E’ stata chiesta l’archiviazione per il fascicolo d’indagine aperto, circa quattro anni fa, a carico dell’ex parlamentare Lorenzo Diana, accusato di concorso esterno in associazione camorristica. 68 anni, originario di San Cipriano d’Aversa, e da tempo residente ad Aversa, tra i politici più attivi sul fronte dell’antimafia, eletto deputato e poi senatore con Pds, Ds e Ulivo per tre mandati, tra il 1994 e 2006, Diana si è difeso con l’assistenza dell’avvocato Francesco Picca con un lungo interrogatorio in Procura e depositando una dettagliata memoria. Il pm Maurizio Giordano e il procuratore aggiunto Luigi Frunzio hanno accolto la tesi della difesa. Ora si attende la conferma del giudice per le indagini preliminari.
Tra Diana e il clan dei casalesi, quindi, non ci furono collusioni nella vicenda della metanizzazione del Casertano affidata alle Coop rosse di Cpl Concordia che l’ex senatore avrebbe “favorito”. L’estraneità di Diana era già emersa lo scorso anno agli atti della sentenza del processo che vide assolti tutti i manager della cooperativa modenese. “Ero sicuro che sarebbe finita così – commenta Diana – mi ha fatto piacere leggere che non solo non ero stato compiacente con la camorra, ma anzi mi ero sempre impegnato contro di essa. Ma la soddisfazione per l’esito dell’inchiesta, dopo tre anni, 10 mesi e 5 giorni dall’avviso di garanzia, non cancella l’amarezza e il dolore per disfunzioni e la lunghezza della giustizia”.
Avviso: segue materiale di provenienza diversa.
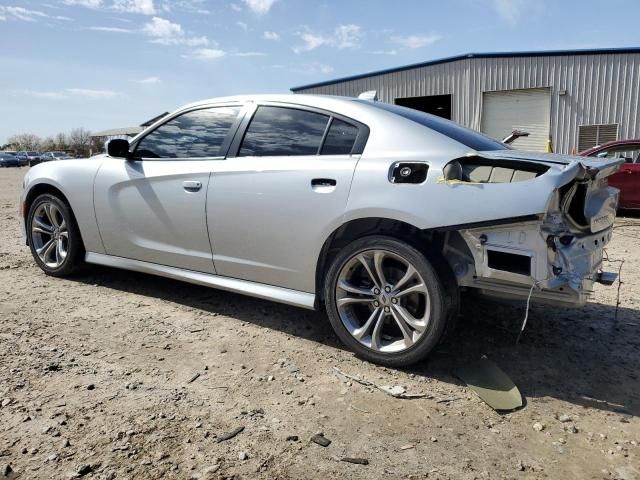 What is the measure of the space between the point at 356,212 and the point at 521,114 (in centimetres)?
1679

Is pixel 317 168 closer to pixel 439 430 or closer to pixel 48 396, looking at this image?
pixel 439 430

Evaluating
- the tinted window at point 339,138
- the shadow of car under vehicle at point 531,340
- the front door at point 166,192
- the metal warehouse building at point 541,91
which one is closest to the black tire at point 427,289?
the shadow of car under vehicle at point 531,340

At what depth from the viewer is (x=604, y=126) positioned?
16.5 metres

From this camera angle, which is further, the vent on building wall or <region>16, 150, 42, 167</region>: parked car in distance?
<region>16, 150, 42, 167</region>: parked car in distance

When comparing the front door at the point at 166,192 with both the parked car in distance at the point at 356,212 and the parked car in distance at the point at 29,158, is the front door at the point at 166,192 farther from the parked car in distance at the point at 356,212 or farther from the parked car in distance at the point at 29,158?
the parked car in distance at the point at 29,158

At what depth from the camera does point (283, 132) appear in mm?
3453

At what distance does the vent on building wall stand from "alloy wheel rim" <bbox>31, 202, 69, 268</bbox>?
16721 mm

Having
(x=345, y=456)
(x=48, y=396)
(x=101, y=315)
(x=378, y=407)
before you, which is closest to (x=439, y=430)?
(x=378, y=407)

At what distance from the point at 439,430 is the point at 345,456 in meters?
0.51

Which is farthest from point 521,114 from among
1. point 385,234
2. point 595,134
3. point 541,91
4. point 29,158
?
point 29,158

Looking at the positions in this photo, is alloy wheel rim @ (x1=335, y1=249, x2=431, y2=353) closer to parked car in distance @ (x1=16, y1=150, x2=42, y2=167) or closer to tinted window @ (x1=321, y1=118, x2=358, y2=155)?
tinted window @ (x1=321, y1=118, x2=358, y2=155)

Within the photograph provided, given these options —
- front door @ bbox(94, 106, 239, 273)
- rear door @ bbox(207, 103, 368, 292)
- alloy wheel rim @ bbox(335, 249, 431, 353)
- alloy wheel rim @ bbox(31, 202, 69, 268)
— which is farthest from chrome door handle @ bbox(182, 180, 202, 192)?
alloy wheel rim @ bbox(31, 202, 69, 268)

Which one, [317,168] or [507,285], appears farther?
[317,168]

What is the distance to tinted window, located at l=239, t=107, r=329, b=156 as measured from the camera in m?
3.32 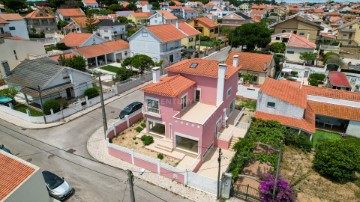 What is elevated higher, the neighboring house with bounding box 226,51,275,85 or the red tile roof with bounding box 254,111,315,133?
the neighboring house with bounding box 226,51,275,85

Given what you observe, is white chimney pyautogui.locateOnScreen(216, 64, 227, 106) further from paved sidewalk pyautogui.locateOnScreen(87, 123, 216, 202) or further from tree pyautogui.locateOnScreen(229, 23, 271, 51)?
tree pyautogui.locateOnScreen(229, 23, 271, 51)

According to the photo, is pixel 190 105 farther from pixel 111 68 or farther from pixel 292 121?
pixel 111 68

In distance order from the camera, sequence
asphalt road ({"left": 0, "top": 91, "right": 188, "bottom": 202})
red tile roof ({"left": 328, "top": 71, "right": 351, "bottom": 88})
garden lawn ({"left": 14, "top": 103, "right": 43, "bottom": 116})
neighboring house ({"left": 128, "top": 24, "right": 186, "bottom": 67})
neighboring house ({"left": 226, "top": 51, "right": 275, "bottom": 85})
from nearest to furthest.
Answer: asphalt road ({"left": 0, "top": 91, "right": 188, "bottom": 202})
garden lawn ({"left": 14, "top": 103, "right": 43, "bottom": 116})
red tile roof ({"left": 328, "top": 71, "right": 351, "bottom": 88})
neighboring house ({"left": 226, "top": 51, "right": 275, "bottom": 85})
neighboring house ({"left": 128, "top": 24, "right": 186, "bottom": 67})

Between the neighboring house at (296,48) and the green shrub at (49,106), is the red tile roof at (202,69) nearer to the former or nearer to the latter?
the green shrub at (49,106)

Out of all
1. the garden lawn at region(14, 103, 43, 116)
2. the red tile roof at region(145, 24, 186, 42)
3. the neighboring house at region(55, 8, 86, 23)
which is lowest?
the garden lawn at region(14, 103, 43, 116)

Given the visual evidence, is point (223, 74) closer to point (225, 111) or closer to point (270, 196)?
point (225, 111)

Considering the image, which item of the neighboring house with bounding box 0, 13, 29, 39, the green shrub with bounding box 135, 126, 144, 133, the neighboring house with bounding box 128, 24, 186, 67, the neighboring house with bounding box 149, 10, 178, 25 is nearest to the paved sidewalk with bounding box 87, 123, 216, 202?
the green shrub with bounding box 135, 126, 144, 133

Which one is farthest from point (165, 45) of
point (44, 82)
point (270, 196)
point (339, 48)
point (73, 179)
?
point (339, 48)

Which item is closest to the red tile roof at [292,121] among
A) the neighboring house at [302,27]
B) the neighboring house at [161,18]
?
the neighboring house at [302,27] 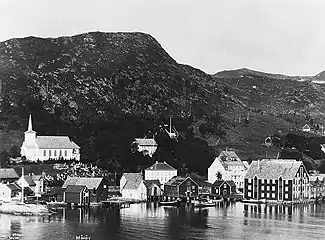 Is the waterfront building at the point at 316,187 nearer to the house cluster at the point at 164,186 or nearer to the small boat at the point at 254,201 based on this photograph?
the small boat at the point at 254,201

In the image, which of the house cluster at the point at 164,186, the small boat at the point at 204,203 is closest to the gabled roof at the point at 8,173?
the house cluster at the point at 164,186

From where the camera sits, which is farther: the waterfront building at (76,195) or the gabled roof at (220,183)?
the gabled roof at (220,183)

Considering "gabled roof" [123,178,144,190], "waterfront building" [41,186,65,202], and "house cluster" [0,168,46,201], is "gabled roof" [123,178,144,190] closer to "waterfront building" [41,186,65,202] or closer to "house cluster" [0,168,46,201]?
→ "house cluster" [0,168,46,201]

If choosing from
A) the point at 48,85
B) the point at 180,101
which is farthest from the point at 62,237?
the point at 180,101

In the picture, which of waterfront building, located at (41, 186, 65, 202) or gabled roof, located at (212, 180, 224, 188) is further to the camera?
gabled roof, located at (212, 180, 224, 188)

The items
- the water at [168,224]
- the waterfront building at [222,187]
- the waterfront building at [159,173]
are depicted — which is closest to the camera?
the water at [168,224]

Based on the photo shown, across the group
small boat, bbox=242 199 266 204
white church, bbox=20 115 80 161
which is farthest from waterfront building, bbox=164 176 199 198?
white church, bbox=20 115 80 161

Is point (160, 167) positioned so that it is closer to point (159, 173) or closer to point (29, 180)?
point (159, 173) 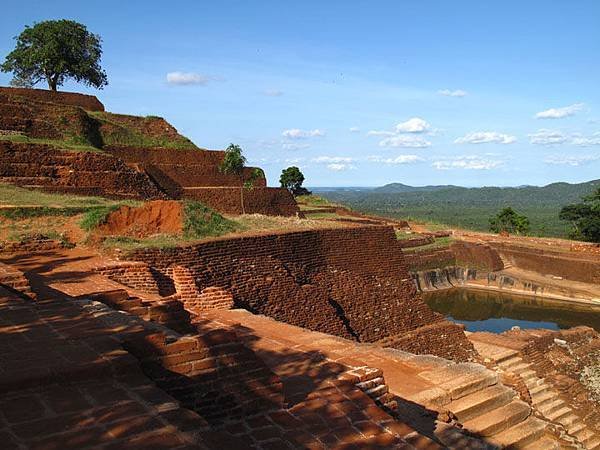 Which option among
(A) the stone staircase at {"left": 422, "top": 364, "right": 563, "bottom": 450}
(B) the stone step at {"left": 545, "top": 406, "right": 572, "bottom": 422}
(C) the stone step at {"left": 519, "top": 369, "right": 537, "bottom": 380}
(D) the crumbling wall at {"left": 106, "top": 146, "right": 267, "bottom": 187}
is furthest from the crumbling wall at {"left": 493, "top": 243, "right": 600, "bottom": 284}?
(A) the stone staircase at {"left": 422, "top": 364, "right": 563, "bottom": 450}

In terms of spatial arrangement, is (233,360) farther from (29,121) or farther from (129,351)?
(29,121)

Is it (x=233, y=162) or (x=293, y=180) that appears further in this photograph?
(x=293, y=180)

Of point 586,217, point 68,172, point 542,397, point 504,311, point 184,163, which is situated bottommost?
point 504,311

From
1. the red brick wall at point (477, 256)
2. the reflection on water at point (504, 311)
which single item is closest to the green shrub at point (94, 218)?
the reflection on water at point (504, 311)

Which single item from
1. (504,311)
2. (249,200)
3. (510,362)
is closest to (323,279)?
(510,362)

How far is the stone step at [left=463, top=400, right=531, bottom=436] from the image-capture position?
4781mm

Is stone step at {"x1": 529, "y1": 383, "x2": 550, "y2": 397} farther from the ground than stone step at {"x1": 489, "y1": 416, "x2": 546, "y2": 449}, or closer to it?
closer to it

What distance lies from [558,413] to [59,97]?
21.6 meters

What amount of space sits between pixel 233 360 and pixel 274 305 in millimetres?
5561

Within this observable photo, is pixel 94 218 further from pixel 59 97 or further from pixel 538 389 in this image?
pixel 59 97

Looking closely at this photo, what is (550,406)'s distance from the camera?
9125 millimetres

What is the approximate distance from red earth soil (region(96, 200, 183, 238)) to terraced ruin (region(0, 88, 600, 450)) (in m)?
0.04

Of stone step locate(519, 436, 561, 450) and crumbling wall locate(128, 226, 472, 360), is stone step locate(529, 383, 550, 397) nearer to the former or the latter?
crumbling wall locate(128, 226, 472, 360)

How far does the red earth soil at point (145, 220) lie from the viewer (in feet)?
32.0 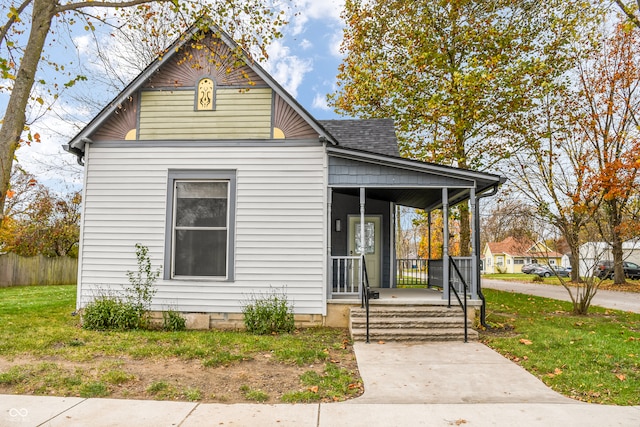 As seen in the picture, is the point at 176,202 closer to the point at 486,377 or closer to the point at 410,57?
the point at 486,377

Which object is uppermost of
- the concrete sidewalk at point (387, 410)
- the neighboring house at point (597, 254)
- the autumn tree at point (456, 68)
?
the autumn tree at point (456, 68)

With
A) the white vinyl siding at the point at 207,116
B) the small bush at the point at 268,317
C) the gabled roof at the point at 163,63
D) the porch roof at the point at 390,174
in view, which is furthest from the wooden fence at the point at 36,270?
the porch roof at the point at 390,174

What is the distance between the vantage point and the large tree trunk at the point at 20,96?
13.0 ft

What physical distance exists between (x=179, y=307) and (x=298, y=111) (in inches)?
178

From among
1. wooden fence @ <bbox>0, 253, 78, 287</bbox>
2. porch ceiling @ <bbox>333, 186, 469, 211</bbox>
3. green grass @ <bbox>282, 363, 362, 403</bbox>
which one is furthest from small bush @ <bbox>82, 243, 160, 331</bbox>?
wooden fence @ <bbox>0, 253, 78, 287</bbox>

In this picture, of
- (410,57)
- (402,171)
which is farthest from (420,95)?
(402,171)

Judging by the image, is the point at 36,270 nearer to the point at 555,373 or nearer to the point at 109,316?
the point at 109,316

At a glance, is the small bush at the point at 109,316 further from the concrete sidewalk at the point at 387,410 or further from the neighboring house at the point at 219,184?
the concrete sidewalk at the point at 387,410

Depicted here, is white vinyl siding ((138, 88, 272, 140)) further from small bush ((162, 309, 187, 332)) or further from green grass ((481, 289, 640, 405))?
green grass ((481, 289, 640, 405))

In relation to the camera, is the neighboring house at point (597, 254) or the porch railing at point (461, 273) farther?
the neighboring house at point (597, 254)

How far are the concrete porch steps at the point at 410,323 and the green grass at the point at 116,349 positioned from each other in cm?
49

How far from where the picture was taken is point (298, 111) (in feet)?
28.4

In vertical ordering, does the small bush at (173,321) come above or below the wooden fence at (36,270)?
below

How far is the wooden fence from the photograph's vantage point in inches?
723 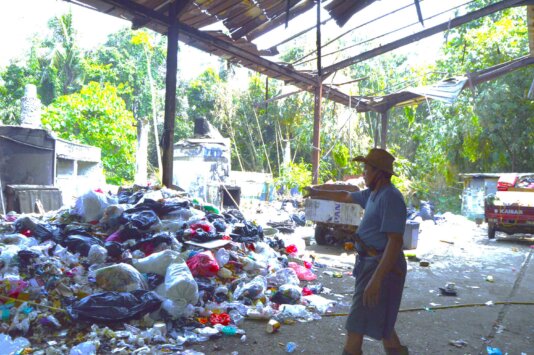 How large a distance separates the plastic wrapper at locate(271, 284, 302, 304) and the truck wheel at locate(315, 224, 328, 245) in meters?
4.40

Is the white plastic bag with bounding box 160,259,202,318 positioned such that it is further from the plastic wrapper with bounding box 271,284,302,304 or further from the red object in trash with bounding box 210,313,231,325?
the plastic wrapper with bounding box 271,284,302,304

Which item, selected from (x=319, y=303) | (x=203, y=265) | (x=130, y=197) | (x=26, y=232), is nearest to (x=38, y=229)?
(x=26, y=232)

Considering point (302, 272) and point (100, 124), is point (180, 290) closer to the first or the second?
point (302, 272)

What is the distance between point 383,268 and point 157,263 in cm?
286

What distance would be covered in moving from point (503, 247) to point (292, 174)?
688cm

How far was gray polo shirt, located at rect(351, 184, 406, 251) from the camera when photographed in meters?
2.75

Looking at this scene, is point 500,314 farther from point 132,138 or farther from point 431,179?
point 132,138

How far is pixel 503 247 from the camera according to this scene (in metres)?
10.3

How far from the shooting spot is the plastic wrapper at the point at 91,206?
638 centimetres

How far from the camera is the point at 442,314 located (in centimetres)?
490

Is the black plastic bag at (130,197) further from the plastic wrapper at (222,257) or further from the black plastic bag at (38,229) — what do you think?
the plastic wrapper at (222,257)

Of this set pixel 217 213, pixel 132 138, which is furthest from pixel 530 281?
pixel 132 138

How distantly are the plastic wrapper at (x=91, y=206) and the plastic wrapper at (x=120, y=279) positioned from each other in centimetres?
208

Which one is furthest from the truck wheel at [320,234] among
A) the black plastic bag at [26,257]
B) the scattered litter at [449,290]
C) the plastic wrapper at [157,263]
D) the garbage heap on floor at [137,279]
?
the black plastic bag at [26,257] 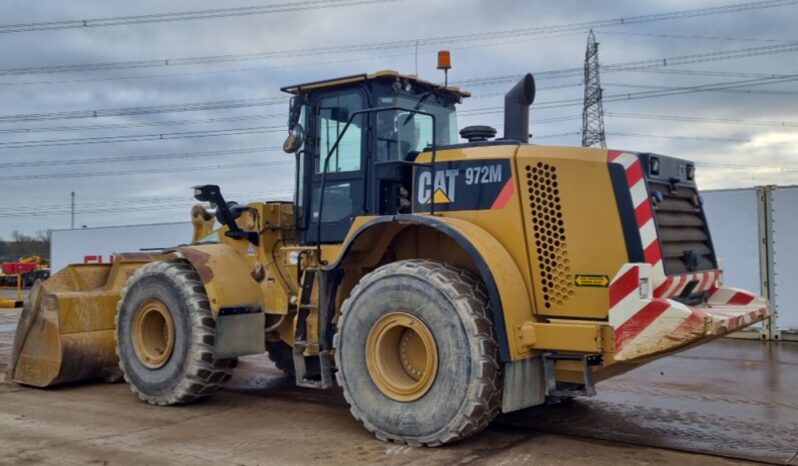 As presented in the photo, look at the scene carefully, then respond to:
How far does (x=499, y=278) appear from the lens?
537 centimetres

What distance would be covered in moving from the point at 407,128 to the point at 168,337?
118 inches

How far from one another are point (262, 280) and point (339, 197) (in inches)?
47.1

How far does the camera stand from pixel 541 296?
Answer: 556cm

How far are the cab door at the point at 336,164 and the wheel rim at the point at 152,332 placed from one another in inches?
63.0

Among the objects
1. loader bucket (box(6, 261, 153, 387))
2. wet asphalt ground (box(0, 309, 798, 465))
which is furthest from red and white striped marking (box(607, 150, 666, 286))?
loader bucket (box(6, 261, 153, 387))

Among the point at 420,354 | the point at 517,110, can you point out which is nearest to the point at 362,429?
the point at 420,354

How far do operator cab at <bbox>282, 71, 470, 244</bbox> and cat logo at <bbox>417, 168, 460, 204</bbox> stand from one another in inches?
7.3

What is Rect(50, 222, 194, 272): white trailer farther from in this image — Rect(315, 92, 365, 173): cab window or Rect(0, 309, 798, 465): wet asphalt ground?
Rect(315, 92, 365, 173): cab window

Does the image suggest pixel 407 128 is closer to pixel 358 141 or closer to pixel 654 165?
pixel 358 141

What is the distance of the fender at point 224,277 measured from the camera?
7.06 metres

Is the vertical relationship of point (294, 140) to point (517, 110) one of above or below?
below

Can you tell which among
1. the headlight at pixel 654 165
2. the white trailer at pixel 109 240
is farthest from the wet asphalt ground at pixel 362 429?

Durante la sua lunga attività politica, che lo ha visto vivere sotto scorta per le minace subite dalla camorra, Diana ha sempre sostenuto l’operato della magistratura. È l’unico politico citato nel libro “Gomorra” di Roberto Saviano, che lo descrive come un vero eroe della lotta alle mafie, coraggioso e attaccato alla sua terra d’origine. E ora ribadisce: “Continuerò a farlo. Difenderò sempre il diritto-dovere di indagare. Ma le indagini vanno svolte presto e bene. Questi ritardi, che non attengono alle singole persone, non possono essere accettati. E non lo dico per me, che ho le spalle larghe. Restare quattro anni sotto inchiesta – aggiunge Diana – rappresenta un calvario durissimo. Così si annullano la persona, il suo ruolo, il suo impegno, la sua storia. Nel mio caso, anche un impegno antimafia scelto con una dichiarata scelta di vita, quando nel regno del clan dei Casalesi non c’erano né lo Stato né l’attenzione dei media, quindi in piena solitudine e in prima linea”.
Oggi Diana conferma “tutto il sostegno per l’autonomia della magistratura. Ma come Paolo Borsellino amava la sua Palermo e si impegnava per cambiarla perché alcune cose non gli piacevano – conclude l’ex parlamentare – dopo quattro anni di silenzio dico che la giustizia non può essere questa”.